Unsurprisingly, the extent of the cobalt conundrum means automakers are working hard to develop batteries that rely less on the silvery-blue mineral. BMW’s i3 city car is fitted with a pack that uses only 13 percent cobalt, roughly one-third less than older-generation batteries, and the company hopes to reduce that number to just four percent by 2025. Others are taking even more radical steps: in June last year, the US Naval Research Laboratory inked a deal with a California start-up company, EnZinc, which will see them collaborate on the production of a new nickel-zinc battery. This design is particularly promising, given that these minerals are in far more plentiful supply.

Australia to benefit from global electric-car boom
Of course, cobalt isn’t the only ingredient in the recipe for a mainstream electric future.
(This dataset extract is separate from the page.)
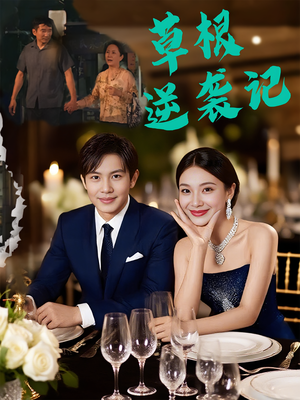 草根逆袭记（55集）高分短剧推荐值得一看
Lithium, that soft, silvery-white alkali, is arguably the foundation stone upon which the modern technological era has been built. Our smartphones, our iPads and more recently, even our aeroplanes, rely on lithium-ion batteries for efficient, reliable power – and so too will our electric cars.
This is good news for Australia. The icons of our old car-manufacturing industry may have closed their doors in 2017, but the global race to normalise electric motoring has created a massive spike in demand for lithium, a development from which our mining industry stands to benefit greatly.
It turns out that Western Australia produces more than half of the world’s supply of lithium, and many older mining operations are – as we speak – making moves to reinvent themselves and enter the lucrative space. In January 2017, WA had only one lithium-producing mine. Six months later, there were four, and exports have now increased by a factor of six. Lithium processing has also taken off in WA, with an Australian-American-Chinese joint venture now building the world’s largest lithium-processing plant in the state’s south.
It’s worth recognising too that our unique relationship with China stands us in particularly good stead as this new automotive era dawns. China is now the world’s largest market for electric vehicles, and our relative proximity to that nation, along with our dense web of existing Chinese-Australian investment, makes us uniquely qualified to occupy the fold as a major supplier of processed lithium; in other words, far from falling out of sync with the global automotive industry, Australia is well-poised to re-enter it as different, but major, new player.
Undoubtedly, stories like these are a potent symbol of just what a radical affect this transportation revolution will have on the global industrial space. New arteries of supply, capital and influence will open up, draining the lifeblood from those old players who don’t make the necessary moves to adapt and thrive. But on the other hand, the ones who do will find that the electric era will be an epoch of great opportunity, particularly for those with the guile and the smarts to find the solutions to the challenges that lie ahead.